Seguiram os dois para o aeroporto onde um jatinho já os esperava, pois Carlota não perderia por nada, uma viagem dessa natureza.

Do aeroporto de Caruaru seguiram num jipe para o sertão.

Além do material geológico, o reboque levava os mantimentos, pois a equipe teria que ser auto-suficiente por uma semana.

A vila Pedreiras ficava num vale semicircular, cercado de montanhas graníticas.

Não havia dúvida de que se tratava de antigo cone vulcânico.

O solo, a barlavento, apesar de rochoso, era fértil e o filete de água que raramente secava, contrastando com os demais todos pulsáteis, alimentava a agricultura de subsistência.

A subida foi penosa...

Havia rachaduras na estrada que precisavam ser contornadas para não engolir o jipe.

Finalmente na boca da noite, entraram no que restava da cidade e viram uma cena insólita.

Todos sentados no chão, em volta da fogueira, tomavam uma refeição e o padre de pé no meio deles entoava um salmo.

Com a fisionomia cansada, mas sorridente, o padre convidou os recém chegados a participar da sopa.

Depois que a maioria se retirou, sentados nos degraus semi destruídos da igreja, o padre explicou aos doutores o que havia acontecido.

Eram pessoas de nível cultural capazes de dissipar a pressão psicológica que um cataclismo daquela magnitude produz.

O padre contou com detalhes todo o ocorrido e deu as informações que o Dr. Ioannis precisava sobre a região.

Falavam em inglês para que os moradores não se animassem a participar da conversa.

O padre falou dos filetes de água quente e dos roncos que a terra dava.

Passava muito da meia noite quando todos foram dormir nas barracas que os estagiários haviam armado.
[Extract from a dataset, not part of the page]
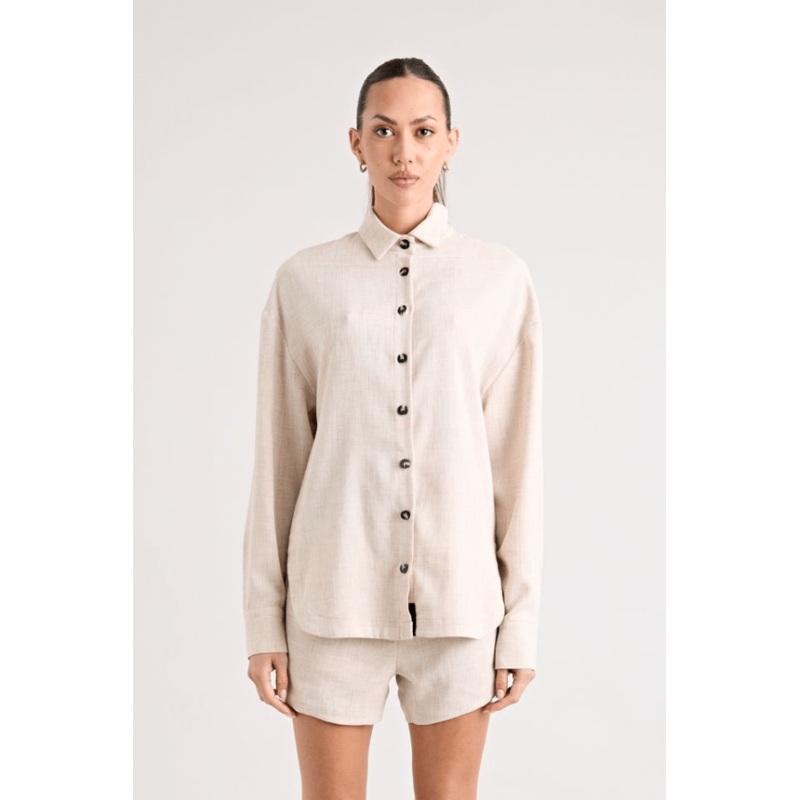 Pino Shirt Natural XS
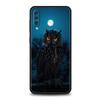 Мультяшная девушка подарки милый сова телефон чехол для Samsung Galaxy A52 A50 A70 A30 A40 A20S A20E A02S A12 A22 A72 A42 A32 5G A04s чехол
Havia possibilidade de novo abalo forte, devido aos pequenos que ainda estavam ocorrendo, em pequenos intervalos.

O Dr. Ioannis não conseguiu dormir. Deitado na cama de lona ficou observando o crepúsculo matinal.

Mas a natureza estava anormal...

Os pássaros não estavam cantando...

Com uma lanterna, saiu da barraca observando as rachaduras pelo chão. Nenhuma formiga.

Por quê?

Por que nenhuma mariposa nos lampiões acesos durante a noite?

Por que aquele silêncio?

Até o vento estava parado... ouviu um ronco profundo e sentiu um abalo forte.

Um dos flancos da montanha alta que se destacava na cadeia, desmoronou como a ponte levadiça de castelo medieval e ao mesmo tempo saiu das entranhas da montanha um jato de lava vermelho vivo, rolos de vapor e fumaça motivada pela queima da vegetação do entorno.

Todos se levantaram rapidamente para fugir da erupção.

Os gases sulfurosos densos preencheram o vale e uma chuva de cinza incandescente caiu rapidamente sobre o que sobrara da vila.

O que parecia ser antiga cratera se encheu de lava destruindo tudo, matando a todos.